Sun International reports a record dividend in its full-year results for 2022, with large growth in its alternative gaming businesses.
Sun International said that a combination of market share gains in its urban casinos, the turnaround of its Sun City, growth in its alternate gaming businesses, and cost-saving measures saw the group’s adjusted EBITDA growing by 96% to R3.3 billion.
Adjusted headline earnings also improved from R110 million to earnings of R1.1 billion, with adjusted headline growing from 44 cents per share in the prior year to adjusted headline earnings of 439 cents per share.
The adjusted EBITDA margin improved from 28.2% in 2019 to 29.7%. The group said that it would have achieved its target 30% adjusted EBITDA margin, if not for the net diesel costs of R53 million due to load shedding.
Moreover, urban casinos grew by 41% compared to 2021, with overall urban casinos generating an adjusted EBITDA of R2,445 million for the year.
Due to the improved financial position of the group, it resumed dividend payments, with a total cash dividend of 329 cents per share for the year, representing a dividend payout of 75% of AHEPS.
“We are particularly pleased by the significant progress we are making with our online strategy with SunBet showing strong growth in all key indicators … Gaming income from casinos, Sun Slots and SunBet showed a significant recovery with income up 36%, “Sun International CEO Anthony Leeming said.
Suns slots delivered organic growth, with over 5,000 Limited Payout Machines (LPM) being active in the period under review. The group said that it will work with regulators to increase the roll out of LPMs to the 6 500 LPM positions that have been allocated.
Sun Slots income increased to R1,491 million from R1,242 million.
Moreover, SunBet’s income was up 86% compared to 2021, with growth of 135% in the second half of the financial year. Sun International’s online sports betting and gaming platform continued to grow with more games added to the service.
In addition, the number of active players for SunBet were up 50%, while deposits were up 130%.
The groups added that it will expand into new markets, with a 70% investment in SunBet Africa Holdings, for a consideration of $3.2 million – roughly R58 million.
“The company has online sports betting and casino licenses to operate in Ghana, Zambia and Kenya. We are in the early stages of rolling out the SunBet operating model and brand in these markets, which have attractive long-term growth potential,” Leeming said.
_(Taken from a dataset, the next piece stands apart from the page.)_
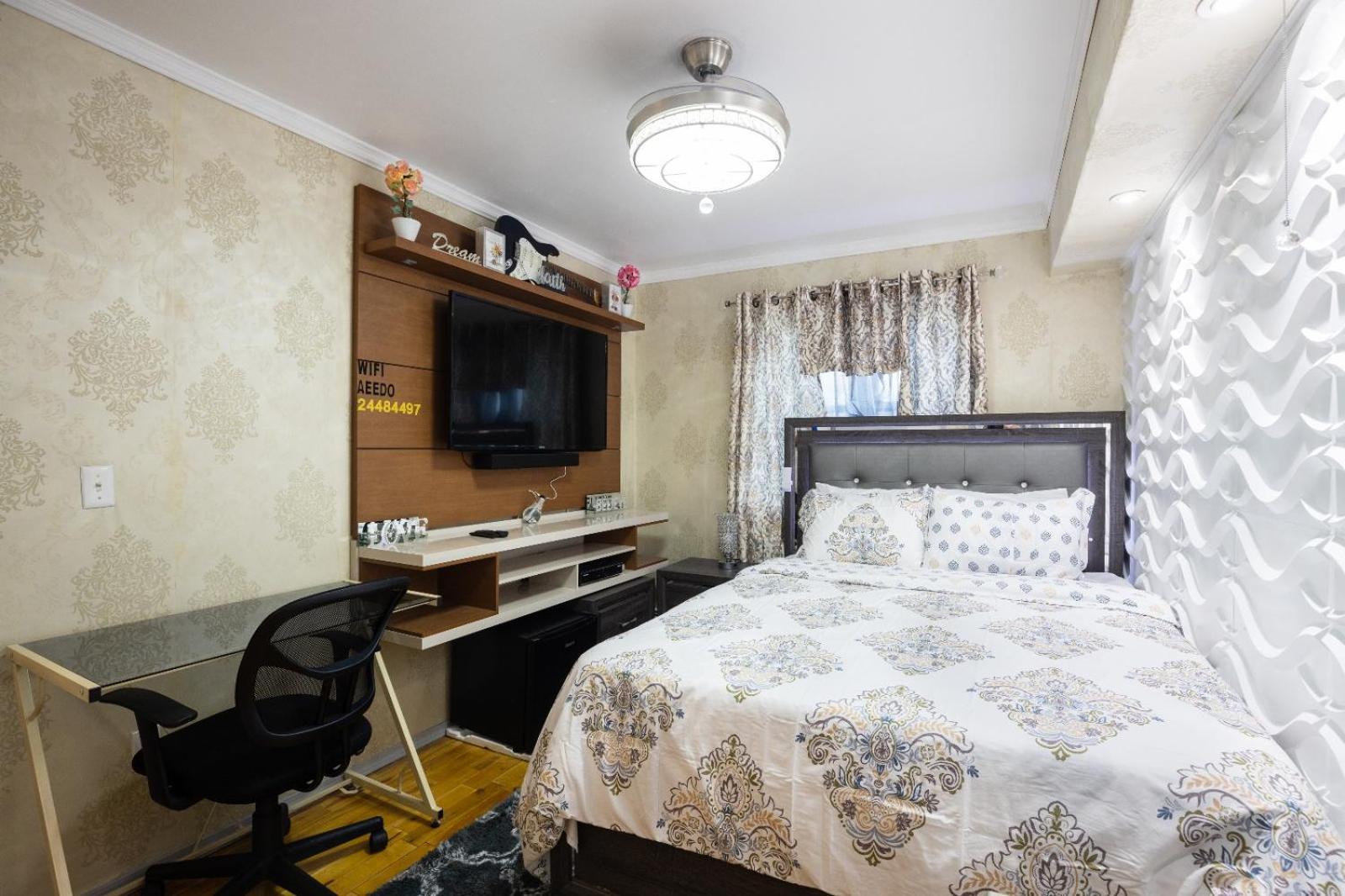 Modern Comfort In Brooklyn Apartment *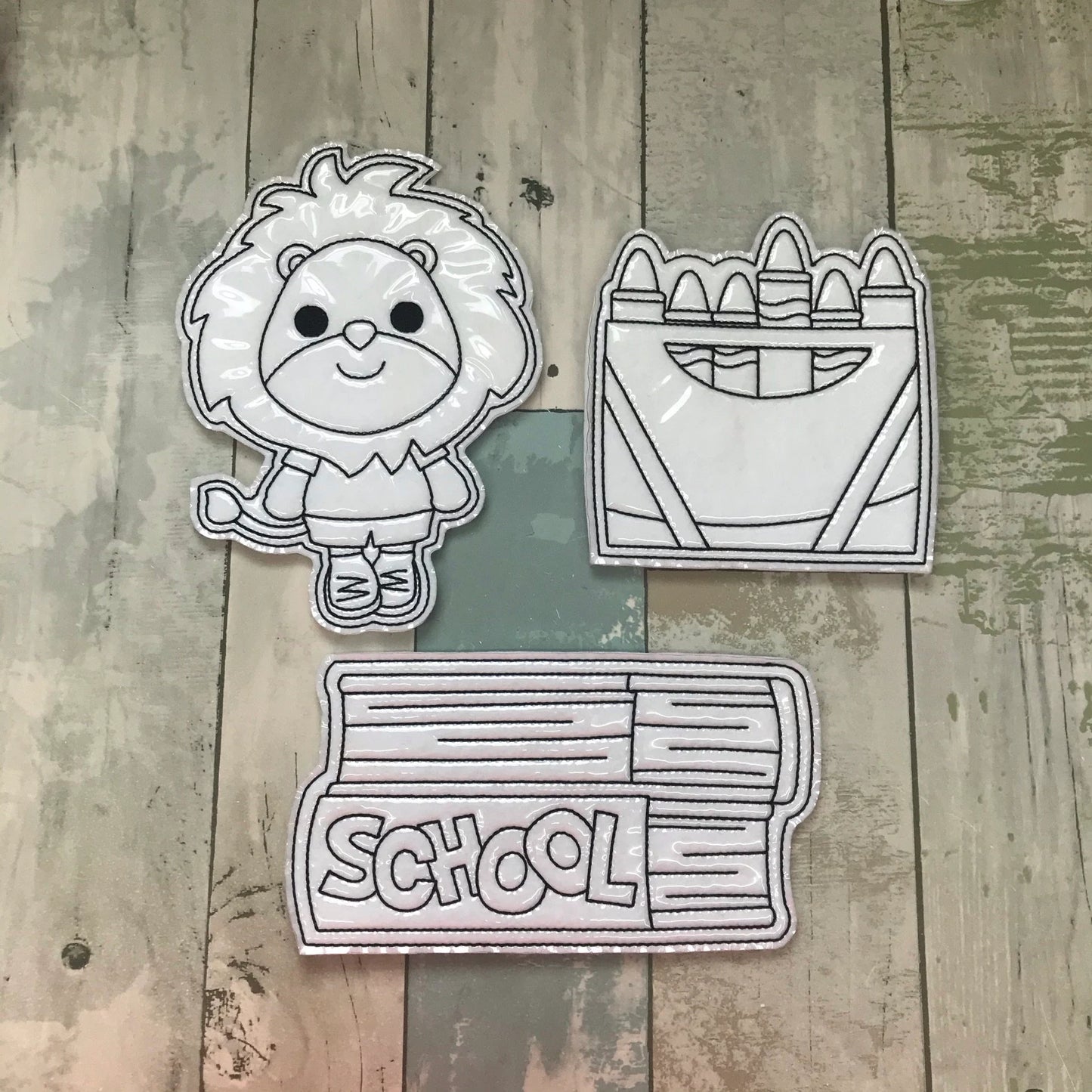 School Lion Colouring Dolls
Despite a tough start to the year due to the Omicron variant, the group experienced a strong recovery in its resorts and hotels, with domestic leisure, conferencing, and events exceeding 2019 levels, while international leisure business recovered in the second half the year.
Total resorts and hotels revenue was thus up by 65% on the prior year to over R2,5 billion.
Overall, the resorts and hotels generated an adjusted EBITDA of R450 million, compared to the R56 million loss the prior year.
The group said that it has successfully concluded its de-gearing programme and is in a good position to deliver cash returns to investors,
“We anticipate that SunBet will continue with strong revenue growth, which will be aided by the introduction of the recently launched slots offering. Our omni-channel offering, with Sun International’s premium hotel and casino portfolio and integrated MVG programme, will assist in increasing our share of the online gaming market,” said Leeming.
The group added that resort and hotel properties are performing well and expect 2023 to be another strong year.
However, load shedding is having a heavy impact on costs, with diesel expenses totalling between R12 to R14 million. The group said that it was exploring all options for a comprehensive energy plan that will minimise the effect of load shedding while also achieving a good return on capital.